I would PM Chas. He's a LOOK worker bee, so he'll be able to give you some info. FWIW, LOOK, in the past, has had problems with counterfeit products being sold. They have a warning about that  at this website. Ridiculous prices should at least make you wary.


----------



## danielc (Oct 24, 2002)

I was aware that the 555s were made in Taiwan but thought the 585 and 595s were still made in France. Is this really not the case?


----------



## Forrest Root (Dec 22, 2006)

danielc said:


> I was aware that the 555s were made in Taiwan but thought the 585 and 595s were still made in France. Is this really not the case?


I believe the 585's and 595's are made at the Look factory in Tunisia. They have their own factory there.


----------



## toonraid (Sep 19, 2006)

Interesting that they pointed out counterfeit carbon wheels - I didn't know the original even existed till I saw a picture of Jaja on a 585 ultra on Look carbon wheels in their 08 catalogue so I guess they were going to release it but perhaps had problems in production and the manufacturer is now selling them through the back door to cut their losses. While on topic of new products anyoneknow what the new Look Easy pedal is all about?


----------



## toonraid (Sep 19, 2006)

BTW the 555's finished in Taiwan come with HCS 4 fork and the ones finished in Nevers come with HCS 5 fork.


----------



## jm3 (Mar 22, 2003)

Look USA had an over-stock of 555's at the end of the summer, and sold them to dealers as discounted prices. We, in turn, passed that discount to our customers which led to the great pricing. We sold the Ultegra bike at $2250 and the 105 bike at $1850. Some dealers sold them for more, some less with or without pedals.
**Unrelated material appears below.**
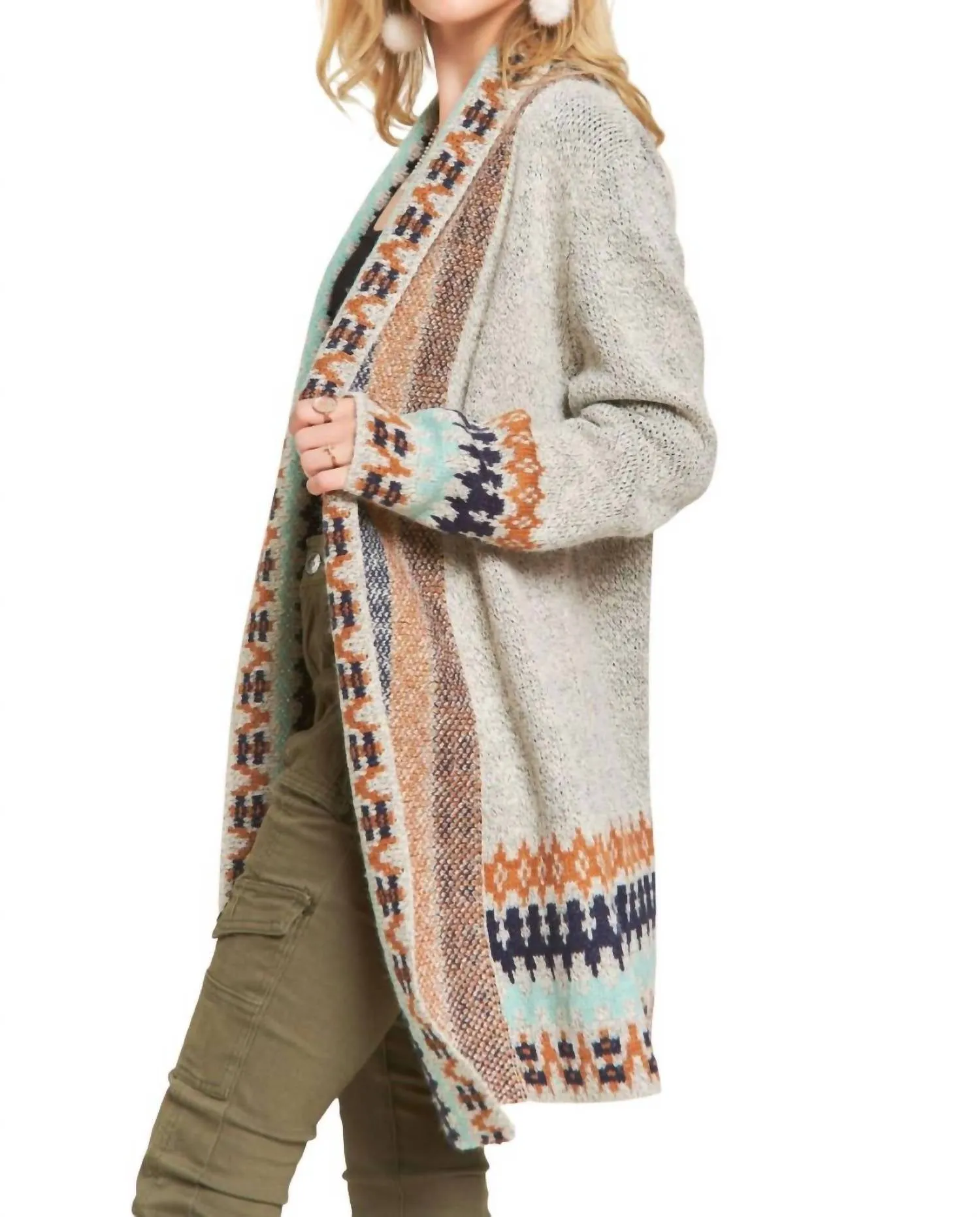 Tribal Border Cardigan In Grey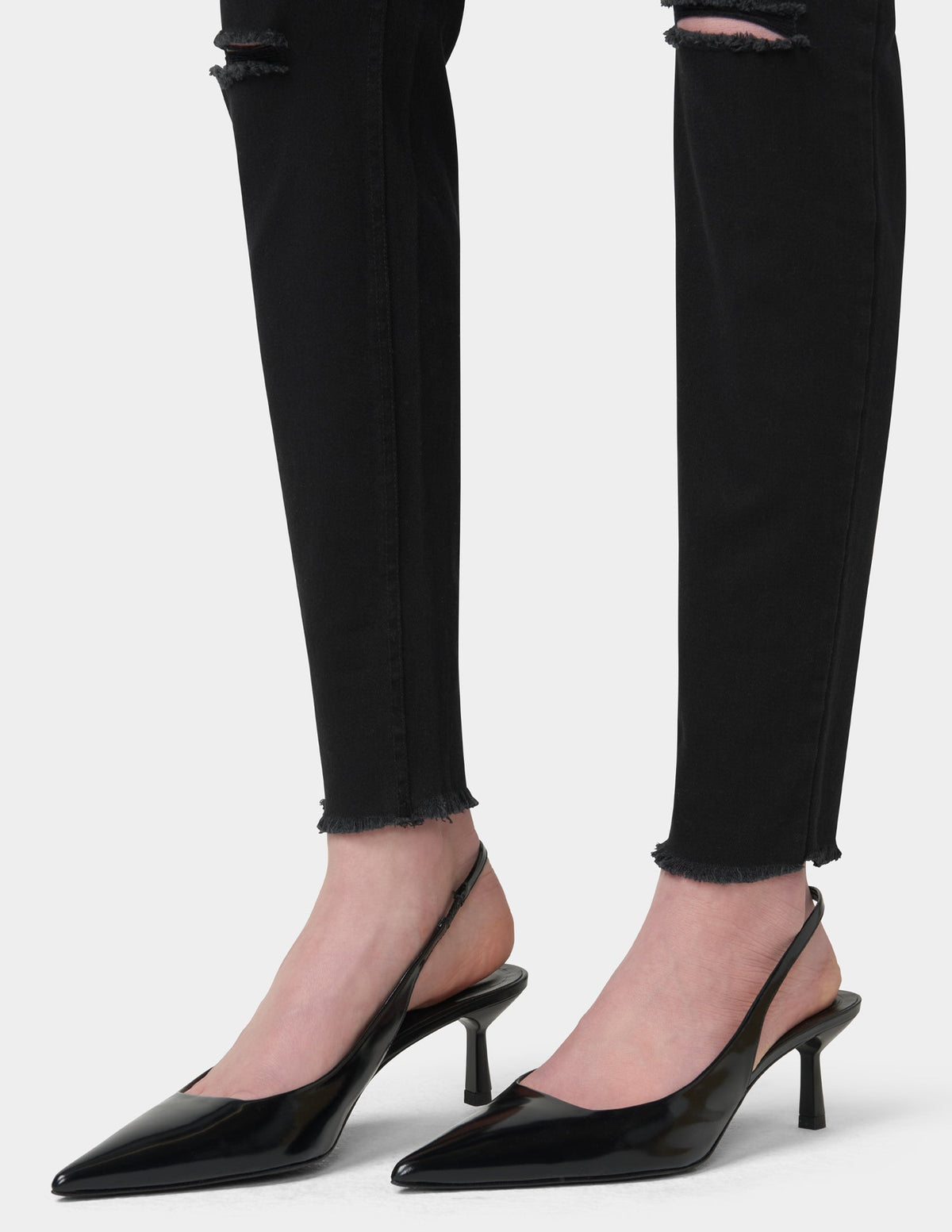 Ripped Knee Denim Leggings - Black | Hue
The "private" sellers you see on the internet are probably bike shops hiding their identities, though I'm not sure why they feel the need to do this since this pricing was what Look recommended when the sale began.

FWIW, we sold out of those bikes pretty quick - they were a smokin' deal at those prices. Wish I would've ordered a hundred of them!


----------



## Topo Gigio (Jul 14, 2007)

*555 frames*

Why are there so many 2007 555 frames for sale on ebay ? I thought they were supposed to be sold as complete bikes only...


----------



## leeuw (Nov 16, 2007)

*old 555 frames sold as 2007-models*



Topo Gigio said:


> Why are there so many 2007 555 frames for sale on ebay ? I thought they were supposed to be sold as complete bikes only...


A number of the 555-frames are the older models, sold as the 2007-model. Just have a look at the paint job (no Origin Black, mostly titanium color), the upper tube with a cable running through, and the backend (straight instead of curved). 
Another reason might be that sellers want to upgrade the wheels (Ksyrums Euipes are quite heavy). Also the VO2(stem and steer) stuff looks really nice to me but here in Holland it is quite unknown. Is it a Look-product ? 

Succes, Jan


----------



## covrc (Mar 27, 2004)

*2007 Look*

Hi, Great thread.

Are these photos of a 2007 Look 555 or an older one?
I can't tell.
Thanks.

View attachment 111344


View attachment 111345


View attachment 111346


Appreciate the help.

Thanks
covrc


----------



## jm3 (Mar 22, 2003)

That's an '07.


----------



## unagidon (Jun 16, 2007)

+1. I have one too


----------



## covrc (Mar 27, 2004)

*New 2007 Look 555 for me.*

Hi Guys and thanks for the help. 

I pulled the trigger and bought myself my first Look.

Sweet deal I think. $750 for new 2007 Look 555 frame and fork.

I really am looking forward to building this up and trying a full carbon ride. 

I have been riding Colnago Super steel until this year.
This year it was a Colnago Deam B-Stay, but it didn't fit as well as it should have.(buyers fault).
Anyway, when i called around and shopped for local pricing, the closest I got was $1400. And some odd vibe from the sales guy at Belmont Wheel Works because the bike is built in Asia, not built in France. And because it is not lugged. He actually tried to tell me that there are 2 different versions of the 2007 555, one that is built in Asia and is tube to tube, and one built in France which a lugged 2007 555. That information seems different from what I read here. 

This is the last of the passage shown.